▶ Problem details
What is needed is an exact transcription of every entry below, with the pictures left out.
BEGIN Given records
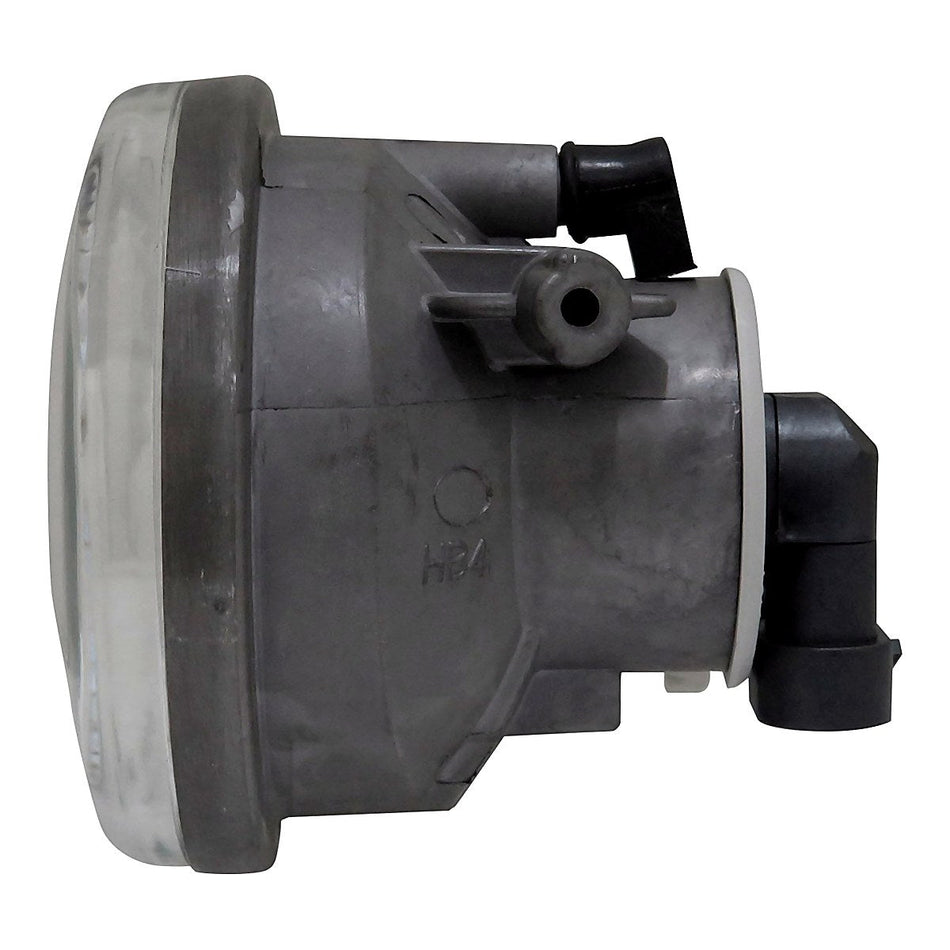 2004-2005 Scion Xa Fog Light Front Passenger Side – Side View (TO2593119)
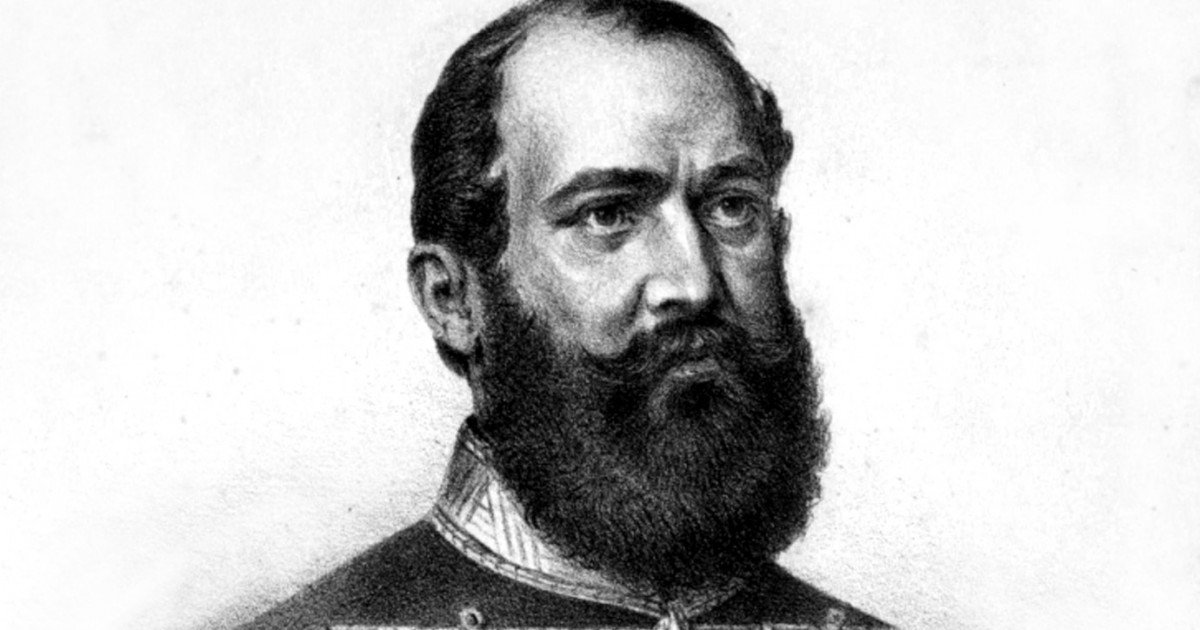 október 6., Damjanich János (f.Wikipedia)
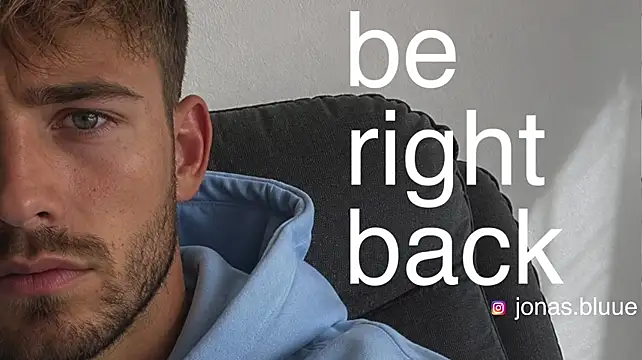 عرض كام boy_blue-
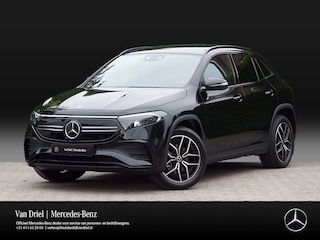 Mercedes-Benz EQA 250 AMG Line 67 kWh | Distronic Panorama Trekhaak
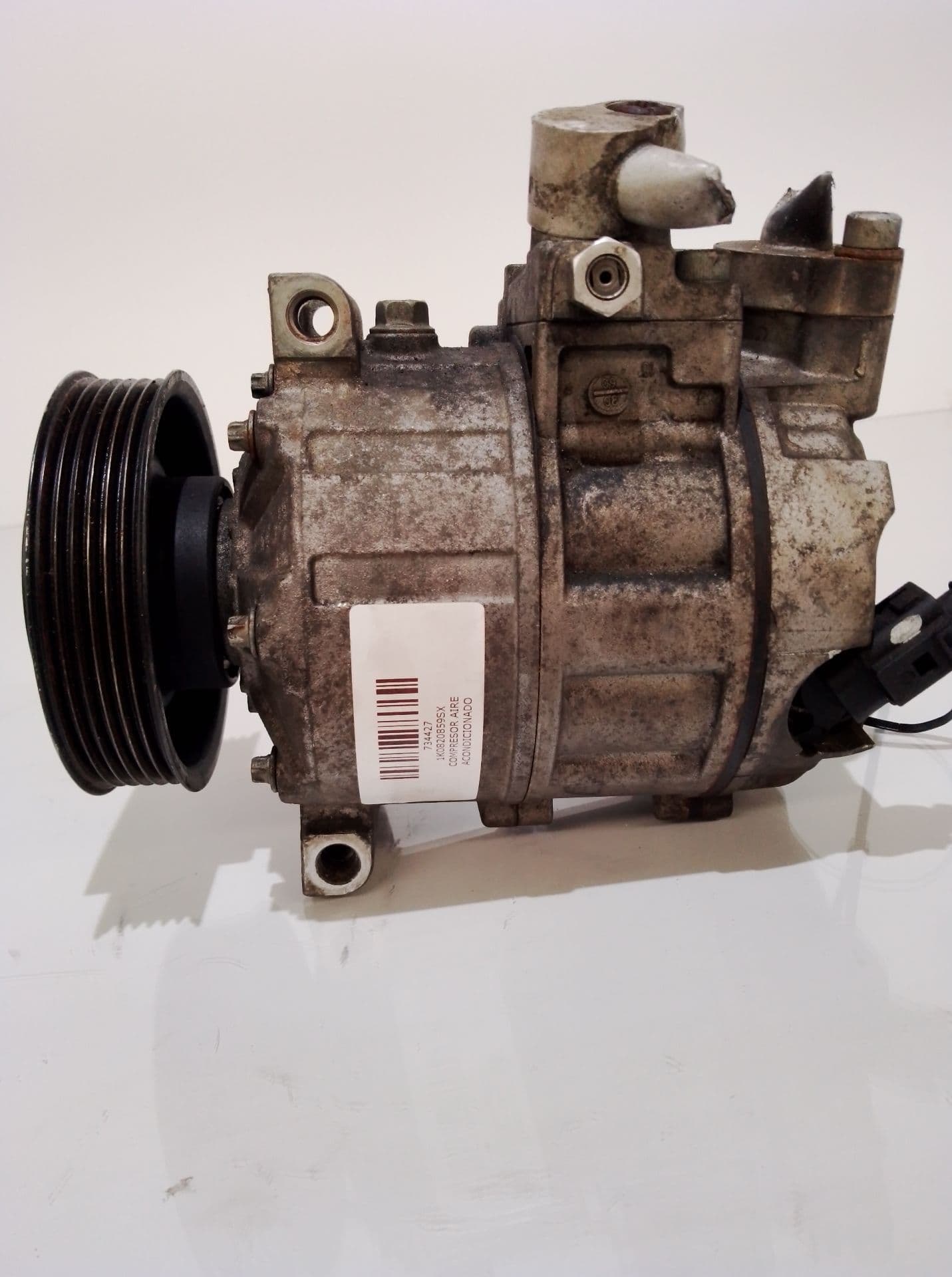 Recambio SKODA YETI ref. 1K0820859SX 4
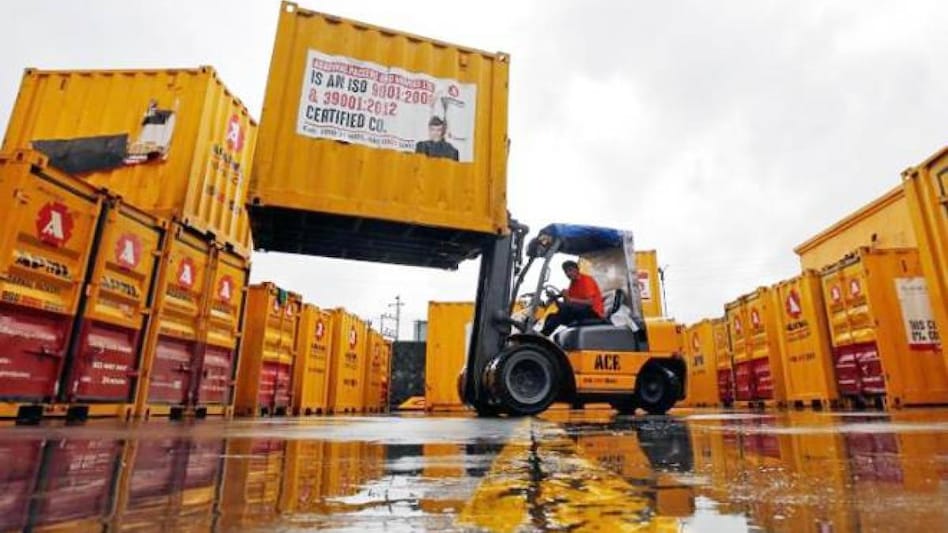 Mahindra Logistics targets May end for 100% acquisition of Meru Companies Mahindra Logistics targets May end for 100% acquisition of Meru Companies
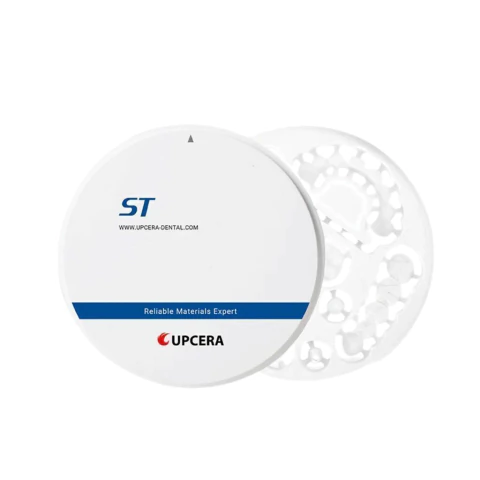 Disco de Zirconia ST 18mm - comprar en línea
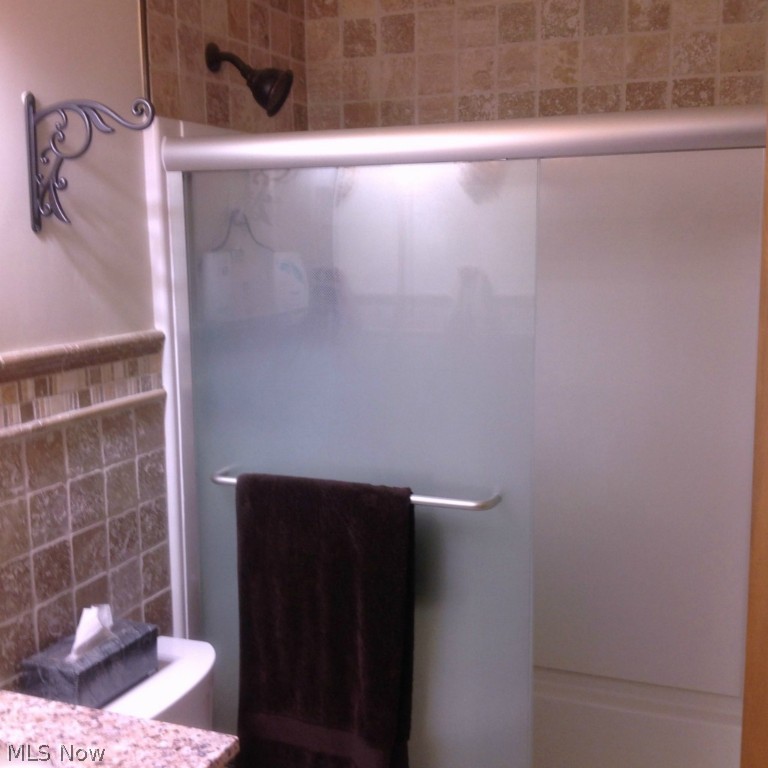 Canaco Heights - Residential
END Given records
▶ Reply to the task
 2004-2005 Scion Xa Fog Light Front Passenger Side – Side View (TO2593119)
 október 6., Damjanich János (f.Wikipedia)
 عرض كام boy_blue-
 Mercedes-Benz EQA 250 AMG Line 67 kWh | Distronic Panorama Trekhaak
 Recambio SKODA YETI ref. 1K0820859SX 4
 Mahindra Logistics targets May end for 100% acquisition of Meru Companies Mahindra Logistics targets May end for 100% acquisition of Meru Companies
 Disco de Zirconia ST 18mm - comprar en línea
 Canaco Heights - Residential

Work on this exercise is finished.